For maximum accuracy, they'd like to run this same program at
dt=0.0001 or smaller, and for bidding purposes, they'd like the results
to be returned as fast as possible. Of course, the results
still have to be printed the same way, and they have to be right!
For the homework, please:
- Determine how this program's answer and run time changes as you
vary the timestep coeff.dt. Note that NetRun will only let the
code run for so long, so smaller dt's may get killed off by
NetRun. Very small dt's may cause rounding error to dominate the
answer.
- Optimize this program using OpenMP. Luckily, there are no global
variables in this program.

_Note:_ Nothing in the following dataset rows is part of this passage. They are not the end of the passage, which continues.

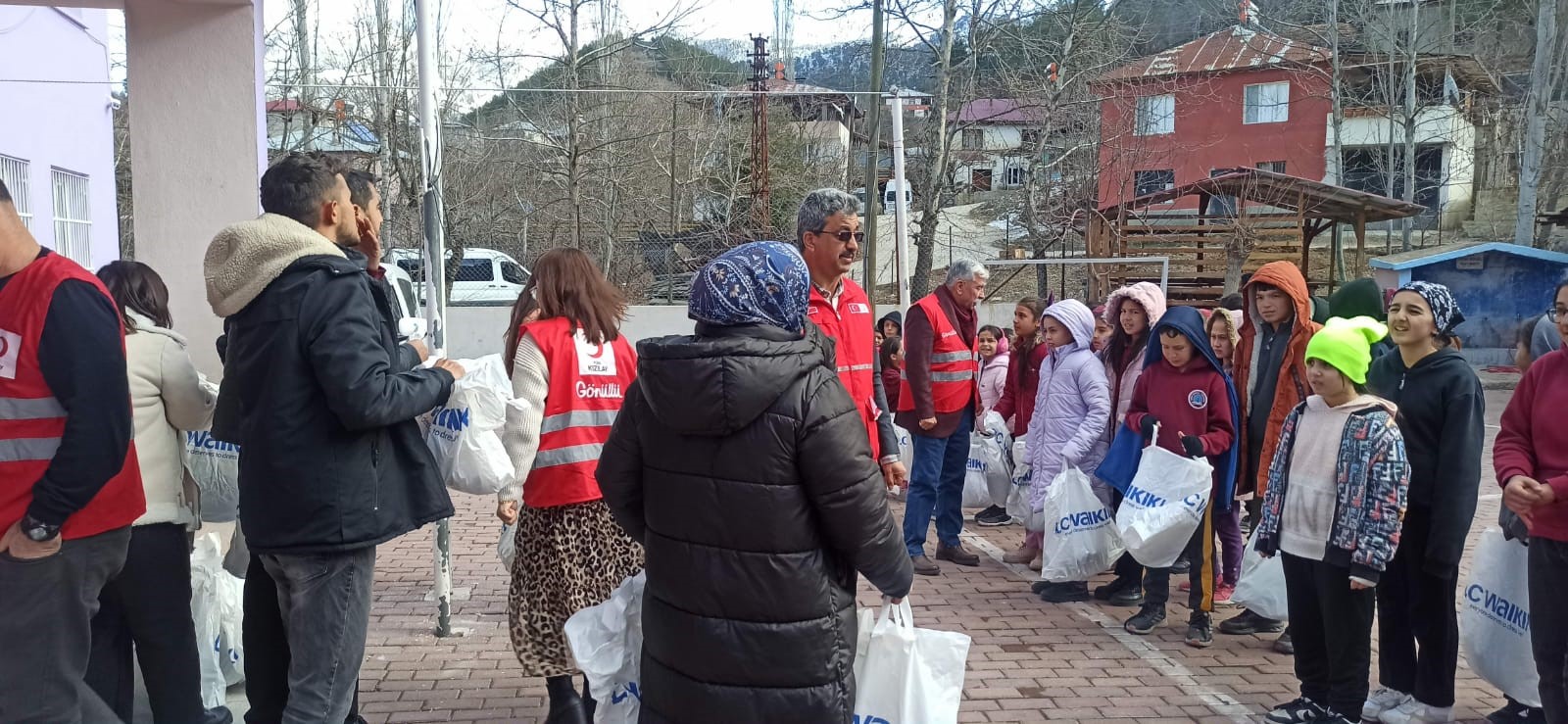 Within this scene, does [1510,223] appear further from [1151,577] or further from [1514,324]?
[1151,577]

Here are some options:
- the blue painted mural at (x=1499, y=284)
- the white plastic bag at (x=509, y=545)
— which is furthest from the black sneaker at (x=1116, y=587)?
the blue painted mural at (x=1499, y=284)

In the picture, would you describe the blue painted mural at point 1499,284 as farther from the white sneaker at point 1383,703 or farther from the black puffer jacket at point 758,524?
the black puffer jacket at point 758,524

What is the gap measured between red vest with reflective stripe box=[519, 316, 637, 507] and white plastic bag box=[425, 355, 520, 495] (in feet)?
0.45

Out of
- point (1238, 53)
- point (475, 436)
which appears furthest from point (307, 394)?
point (1238, 53)

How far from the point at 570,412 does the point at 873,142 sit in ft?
49.8

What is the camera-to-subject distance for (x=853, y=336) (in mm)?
4824

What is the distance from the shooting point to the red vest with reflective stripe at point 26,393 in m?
3.00

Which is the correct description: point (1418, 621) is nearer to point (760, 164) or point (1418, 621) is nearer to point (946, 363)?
point (946, 363)

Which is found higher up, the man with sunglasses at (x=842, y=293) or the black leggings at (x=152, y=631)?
the man with sunglasses at (x=842, y=293)

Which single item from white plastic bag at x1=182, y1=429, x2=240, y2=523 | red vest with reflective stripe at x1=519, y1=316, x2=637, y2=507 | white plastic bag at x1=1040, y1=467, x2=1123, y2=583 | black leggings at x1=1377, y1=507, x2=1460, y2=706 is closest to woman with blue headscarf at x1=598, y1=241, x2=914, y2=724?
red vest with reflective stripe at x1=519, y1=316, x2=637, y2=507

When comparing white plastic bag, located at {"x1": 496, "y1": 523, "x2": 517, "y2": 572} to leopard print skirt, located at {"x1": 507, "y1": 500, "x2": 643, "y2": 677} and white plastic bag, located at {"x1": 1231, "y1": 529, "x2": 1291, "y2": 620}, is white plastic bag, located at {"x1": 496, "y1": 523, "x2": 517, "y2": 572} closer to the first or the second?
leopard print skirt, located at {"x1": 507, "y1": 500, "x2": 643, "y2": 677}

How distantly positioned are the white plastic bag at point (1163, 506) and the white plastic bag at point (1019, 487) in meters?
1.78

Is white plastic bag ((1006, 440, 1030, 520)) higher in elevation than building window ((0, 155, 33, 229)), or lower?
lower

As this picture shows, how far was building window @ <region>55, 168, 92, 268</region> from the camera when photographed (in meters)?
10.8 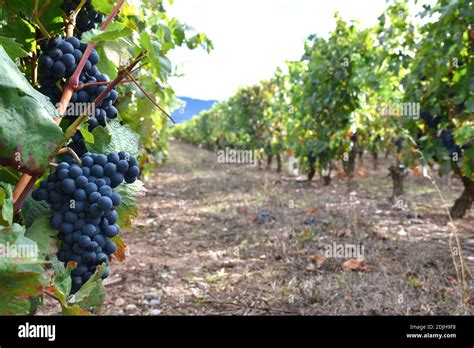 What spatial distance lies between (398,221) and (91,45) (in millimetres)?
6948

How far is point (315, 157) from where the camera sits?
12531mm

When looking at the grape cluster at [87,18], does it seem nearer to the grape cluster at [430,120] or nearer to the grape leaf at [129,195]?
the grape leaf at [129,195]

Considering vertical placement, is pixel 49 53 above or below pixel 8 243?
above

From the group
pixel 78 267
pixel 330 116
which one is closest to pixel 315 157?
pixel 330 116

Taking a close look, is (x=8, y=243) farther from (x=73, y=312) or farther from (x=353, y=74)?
(x=353, y=74)

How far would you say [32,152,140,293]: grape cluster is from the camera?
1.25 metres

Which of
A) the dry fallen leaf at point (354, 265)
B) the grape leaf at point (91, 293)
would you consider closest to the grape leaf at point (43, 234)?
the grape leaf at point (91, 293)

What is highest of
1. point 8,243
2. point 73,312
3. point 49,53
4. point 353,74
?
point 353,74

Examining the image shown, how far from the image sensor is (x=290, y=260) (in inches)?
210

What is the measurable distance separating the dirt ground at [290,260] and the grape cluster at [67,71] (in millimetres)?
2811

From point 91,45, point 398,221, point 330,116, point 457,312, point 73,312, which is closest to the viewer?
point 73,312

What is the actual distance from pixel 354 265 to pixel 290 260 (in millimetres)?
724

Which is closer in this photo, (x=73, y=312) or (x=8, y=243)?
(x=8, y=243)

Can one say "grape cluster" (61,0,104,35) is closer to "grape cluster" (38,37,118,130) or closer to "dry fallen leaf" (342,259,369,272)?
"grape cluster" (38,37,118,130) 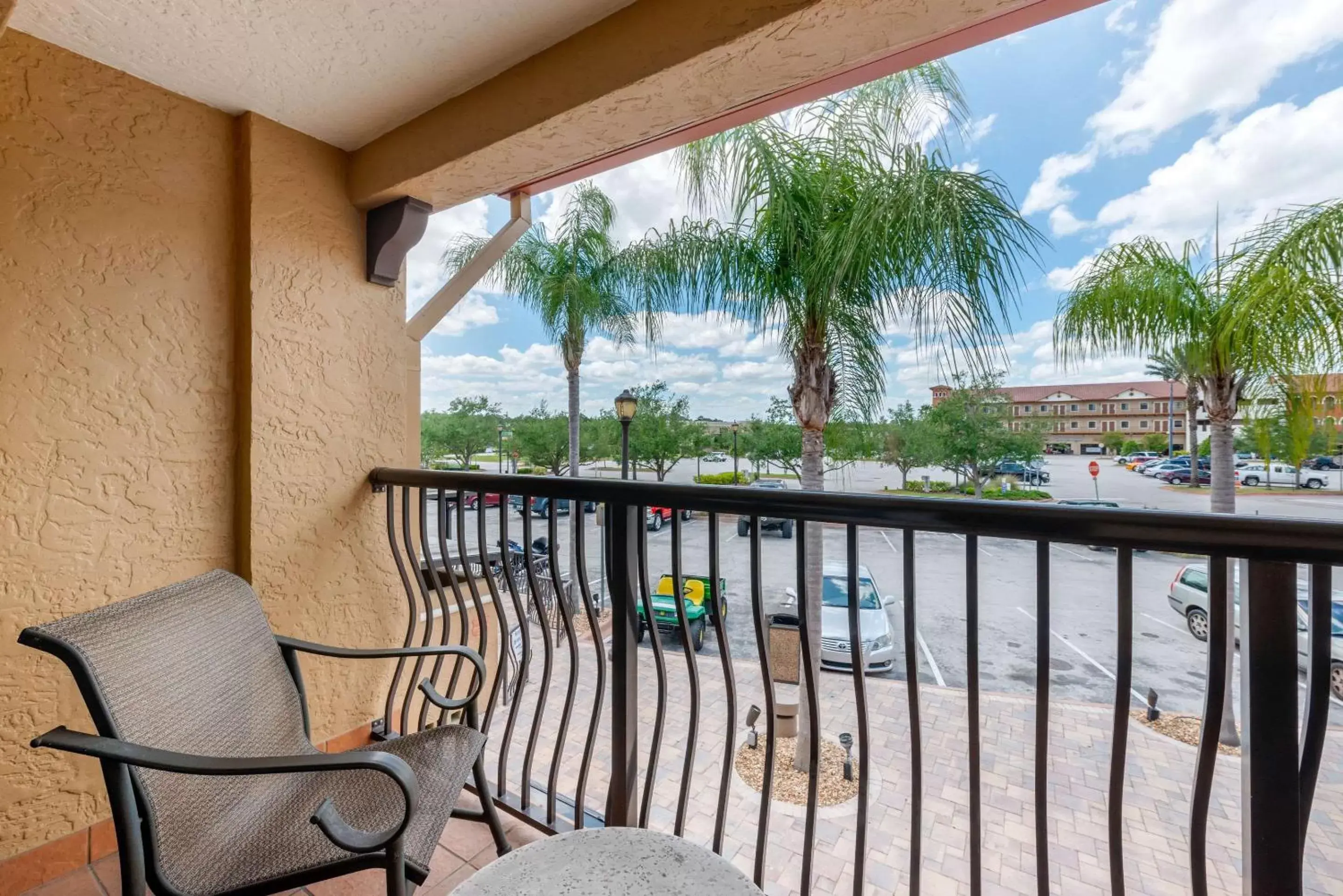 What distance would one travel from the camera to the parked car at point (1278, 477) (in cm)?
163

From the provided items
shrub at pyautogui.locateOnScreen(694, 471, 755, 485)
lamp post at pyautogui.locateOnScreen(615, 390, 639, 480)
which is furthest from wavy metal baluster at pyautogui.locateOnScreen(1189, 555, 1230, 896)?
lamp post at pyautogui.locateOnScreen(615, 390, 639, 480)

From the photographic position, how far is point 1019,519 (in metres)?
0.93

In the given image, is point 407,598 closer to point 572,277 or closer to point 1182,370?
point 1182,370

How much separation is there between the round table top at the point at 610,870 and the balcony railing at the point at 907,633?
46 cm

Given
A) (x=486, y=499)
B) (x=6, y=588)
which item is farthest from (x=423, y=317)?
(x=6, y=588)

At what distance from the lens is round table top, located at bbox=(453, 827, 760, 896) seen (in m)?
0.70

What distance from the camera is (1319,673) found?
83 cm

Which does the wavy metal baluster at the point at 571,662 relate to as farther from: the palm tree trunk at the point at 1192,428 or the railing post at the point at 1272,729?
the palm tree trunk at the point at 1192,428

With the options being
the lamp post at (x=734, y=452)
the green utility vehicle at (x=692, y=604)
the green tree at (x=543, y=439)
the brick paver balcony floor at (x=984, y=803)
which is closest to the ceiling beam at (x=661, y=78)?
the lamp post at (x=734, y=452)

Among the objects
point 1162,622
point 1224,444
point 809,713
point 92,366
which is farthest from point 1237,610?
point 92,366

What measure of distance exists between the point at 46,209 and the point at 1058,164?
3843mm

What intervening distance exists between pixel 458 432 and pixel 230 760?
2403 mm

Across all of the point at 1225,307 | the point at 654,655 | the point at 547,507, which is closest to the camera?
the point at 654,655

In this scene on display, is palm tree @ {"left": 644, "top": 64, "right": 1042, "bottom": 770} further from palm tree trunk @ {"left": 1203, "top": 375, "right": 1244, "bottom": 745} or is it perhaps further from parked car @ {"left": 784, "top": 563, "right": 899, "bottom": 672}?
palm tree trunk @ {"left": 1203, "top": 375, "right": 1244, "bottom": 745} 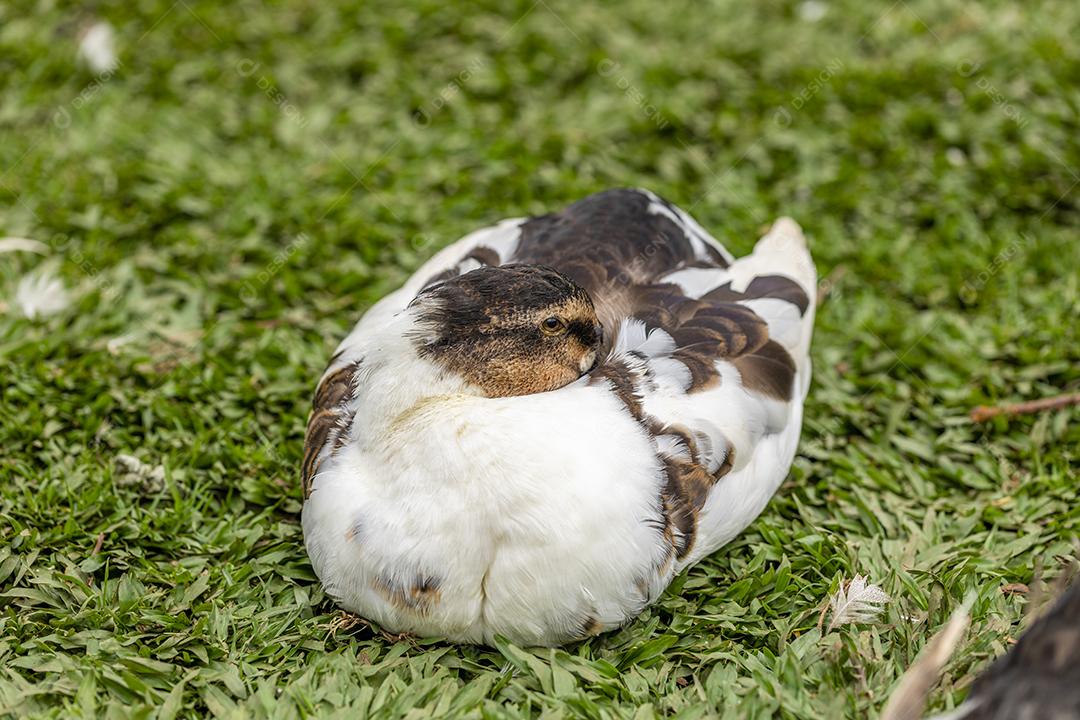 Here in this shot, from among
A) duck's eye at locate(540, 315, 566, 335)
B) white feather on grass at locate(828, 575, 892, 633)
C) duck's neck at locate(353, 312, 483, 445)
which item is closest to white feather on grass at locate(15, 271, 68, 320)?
duck's neck at locate(353, 312, 483, 445)

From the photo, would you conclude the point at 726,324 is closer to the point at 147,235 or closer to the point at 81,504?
the point at 81,504

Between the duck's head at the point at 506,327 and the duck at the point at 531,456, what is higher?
the duck's head at the point at 506,327

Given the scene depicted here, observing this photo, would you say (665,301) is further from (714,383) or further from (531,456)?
(531,456)

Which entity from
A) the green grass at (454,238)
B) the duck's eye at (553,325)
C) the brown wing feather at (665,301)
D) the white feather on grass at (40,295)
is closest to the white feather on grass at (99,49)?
the green grass at (454,238)

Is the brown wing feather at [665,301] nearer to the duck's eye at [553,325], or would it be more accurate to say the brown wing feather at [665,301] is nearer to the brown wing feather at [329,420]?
the duck's eye at [553,325]

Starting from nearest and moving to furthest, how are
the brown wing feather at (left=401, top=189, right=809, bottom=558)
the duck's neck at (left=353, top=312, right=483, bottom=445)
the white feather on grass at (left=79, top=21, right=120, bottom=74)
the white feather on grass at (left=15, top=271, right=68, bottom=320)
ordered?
1. the duck's neck at (left=353, top=312, right=483, bottom=445)
2. the brown wing feather at (left=401, top=189, right=809, bottom=558)
3. the white feather on grass at (left=15, top=271, right=68, bottom=320)
4. the white feather on grass at (left=79, top=21, right=120, bottom=74)

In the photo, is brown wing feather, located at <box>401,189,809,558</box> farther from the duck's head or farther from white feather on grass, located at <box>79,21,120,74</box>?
white feather on grass, located at <box>79,21,120,74</box>

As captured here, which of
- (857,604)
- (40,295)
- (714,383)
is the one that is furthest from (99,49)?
(857,604) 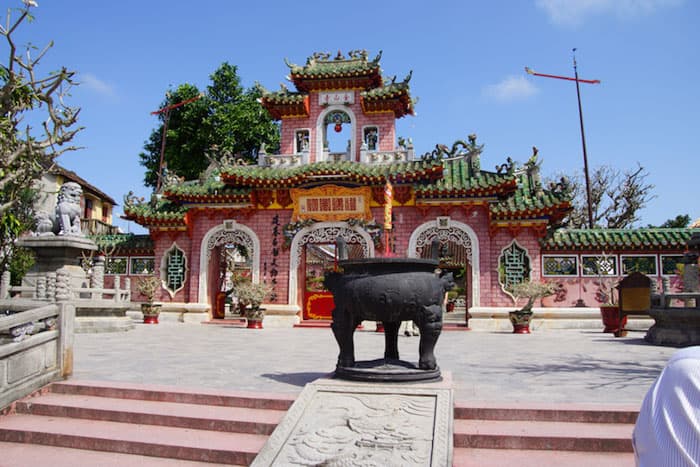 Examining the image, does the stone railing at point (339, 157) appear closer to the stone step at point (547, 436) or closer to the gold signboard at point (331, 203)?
the gold signboard at point (331, 203)

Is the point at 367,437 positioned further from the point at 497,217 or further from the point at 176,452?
the point at 497,217

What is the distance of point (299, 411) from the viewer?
14.7ft

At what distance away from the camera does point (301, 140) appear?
62.6 ft

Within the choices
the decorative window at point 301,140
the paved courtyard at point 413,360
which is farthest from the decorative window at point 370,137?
the paved courtyard at point 413,360

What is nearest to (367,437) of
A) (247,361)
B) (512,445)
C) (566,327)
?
(512,445)

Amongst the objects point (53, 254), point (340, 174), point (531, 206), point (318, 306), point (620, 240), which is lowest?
point (318, 306)

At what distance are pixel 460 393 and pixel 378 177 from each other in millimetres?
11383

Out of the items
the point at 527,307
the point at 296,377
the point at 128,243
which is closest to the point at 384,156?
the point at 527,307

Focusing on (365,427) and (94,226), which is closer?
(365,427)

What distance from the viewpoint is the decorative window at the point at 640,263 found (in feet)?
56.0

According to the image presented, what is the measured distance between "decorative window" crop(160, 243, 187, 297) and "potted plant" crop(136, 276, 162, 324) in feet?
1.10

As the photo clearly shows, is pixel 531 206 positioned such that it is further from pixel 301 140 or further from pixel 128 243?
pixel 128 243

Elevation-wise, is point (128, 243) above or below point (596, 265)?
above

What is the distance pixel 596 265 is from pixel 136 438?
15656mm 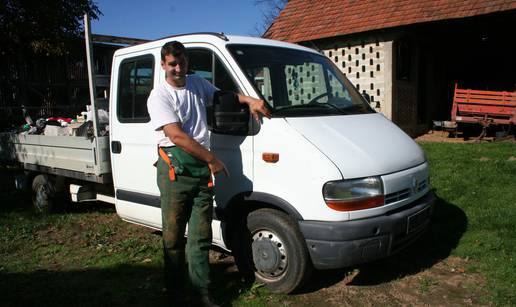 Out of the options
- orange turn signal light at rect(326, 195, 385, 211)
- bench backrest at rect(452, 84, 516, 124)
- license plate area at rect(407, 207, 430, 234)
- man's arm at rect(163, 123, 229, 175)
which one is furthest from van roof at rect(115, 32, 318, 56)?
bench backrest at rect(452, 84, 516, 124)

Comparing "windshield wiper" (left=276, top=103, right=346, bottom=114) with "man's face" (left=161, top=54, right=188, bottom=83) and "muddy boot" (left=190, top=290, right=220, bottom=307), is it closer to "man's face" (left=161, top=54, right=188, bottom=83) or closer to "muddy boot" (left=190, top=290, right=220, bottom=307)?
"man's face" (left=161, top=54, right=188, bottom=83)

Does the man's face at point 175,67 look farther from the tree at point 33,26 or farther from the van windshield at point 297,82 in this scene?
Result: the tree at point 33,26

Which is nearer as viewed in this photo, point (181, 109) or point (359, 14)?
point (181, 109)

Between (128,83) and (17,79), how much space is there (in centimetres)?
1782

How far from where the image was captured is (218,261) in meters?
4.53

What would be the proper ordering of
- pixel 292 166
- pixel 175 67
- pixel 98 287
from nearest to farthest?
1. pixel 175 67
2. pixel 292 166
3. pixel 98 287

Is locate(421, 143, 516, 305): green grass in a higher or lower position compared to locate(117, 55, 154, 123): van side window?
lower

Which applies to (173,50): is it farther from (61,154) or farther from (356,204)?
(61,154)

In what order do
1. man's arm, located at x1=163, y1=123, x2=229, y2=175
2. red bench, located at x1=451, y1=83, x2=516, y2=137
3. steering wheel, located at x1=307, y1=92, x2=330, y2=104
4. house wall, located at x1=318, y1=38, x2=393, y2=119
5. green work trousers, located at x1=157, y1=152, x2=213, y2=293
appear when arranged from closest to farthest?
man's arm, located at x1=163, y1=123, x2=229, y2=175 → green work trousers, located at x1=157, y1=152, x2=213, y2=293 → steering wheel, located at x1=307, y1=92, x2=330, y2=104 → red bench, located at x1=451, y1=83, x2=516, y2=137 → house wall, located at x1=318, y1=38, x2=393, y2=119

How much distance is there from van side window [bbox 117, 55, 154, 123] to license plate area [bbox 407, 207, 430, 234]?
2.59 m

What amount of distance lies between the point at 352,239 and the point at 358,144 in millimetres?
755

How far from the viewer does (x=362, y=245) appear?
10.6ft

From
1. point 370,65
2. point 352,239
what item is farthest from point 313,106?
point 370,65

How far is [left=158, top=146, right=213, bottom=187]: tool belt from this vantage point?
3.24 metres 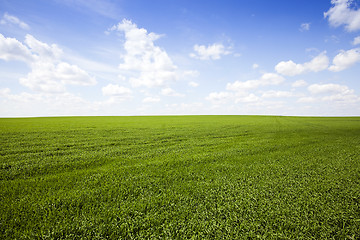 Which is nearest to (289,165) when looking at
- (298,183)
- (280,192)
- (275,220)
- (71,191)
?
(298,183)

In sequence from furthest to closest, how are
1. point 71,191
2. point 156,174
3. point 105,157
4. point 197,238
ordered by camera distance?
point 105,157 → point 156,174 → point 71,191 → point 197,238

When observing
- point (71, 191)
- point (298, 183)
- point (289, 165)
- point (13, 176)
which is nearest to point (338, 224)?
point (298, 183)

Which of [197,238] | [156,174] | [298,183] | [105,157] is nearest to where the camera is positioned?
[197,238]

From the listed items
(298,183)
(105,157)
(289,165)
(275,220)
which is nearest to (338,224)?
(275,220)

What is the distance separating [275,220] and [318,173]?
4.69 meters

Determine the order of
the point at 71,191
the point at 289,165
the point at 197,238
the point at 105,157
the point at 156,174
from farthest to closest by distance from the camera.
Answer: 1. the point at 105,157
2. the point at 289,165
3. the point at 156,174
4. the point at 71,191
5. the point at 197,238

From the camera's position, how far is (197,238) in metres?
3.56

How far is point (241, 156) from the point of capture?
30.9 feet

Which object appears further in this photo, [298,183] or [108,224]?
[298,183]

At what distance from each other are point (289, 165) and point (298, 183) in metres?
2.26

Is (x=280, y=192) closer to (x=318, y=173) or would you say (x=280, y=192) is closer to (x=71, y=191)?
(x=318, y=173)

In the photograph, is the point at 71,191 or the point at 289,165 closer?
the point at 71,191

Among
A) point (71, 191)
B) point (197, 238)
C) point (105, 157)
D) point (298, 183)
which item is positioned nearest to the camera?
point (197, 238)

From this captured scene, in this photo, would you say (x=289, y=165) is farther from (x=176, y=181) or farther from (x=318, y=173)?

However, due to the different path lengths,
load balance between threads can be a serious performance problem; I recommend "schedule(dynamic,1)".
Feel free to use either NetRun (quad core; switch to the
"OpenMP" language), the powerwall (dual core; compile with ~olawlor/441_demo/hw4/ makefile or "g++-4.2
-msse3 -fopenmp main.cpp -o main"), or use your own machine for performance
tests.
- Optimize this program using SSE. Note that "follow_path"
doesn't do any 4-input arithmetic, so it'll be tough to optimize
follow_path much without changing the interface. Feel free to
change the call to follow_path! I recommend making a new "__m128"
version of follow_path that traces 4 paths at once--the only tricky
part about doing this is the "hit the ground" check, which can be
transformed into an SSE-style parallel if.
- Optimize this program using MPI. You'll need to do your
performance runs on the powerwall. Feel free to start with your
SSE version, or the original program. You'll need to collect up
the final answers onto one machine to be printed. As with OpenMP,
load balance is a serious problem; one solution is to have process p
compute the iterations where i%size==p (called "round robin"
decomposition). Because they'll be computing tables repeatedly on
the fly, you can ignore the MPI startup and shutdown time--MPI_Wtime()
is the important time.
This homework will be due at midnight on Tuesday, November 24 on Blackboard.
My preferred format is set of source code files, like "openmp.cpp",
"sse.cpp", and "mpi.cpp", together with a short clear README file
explaining your overall parallelization strategy and performance
results from each parallelization method.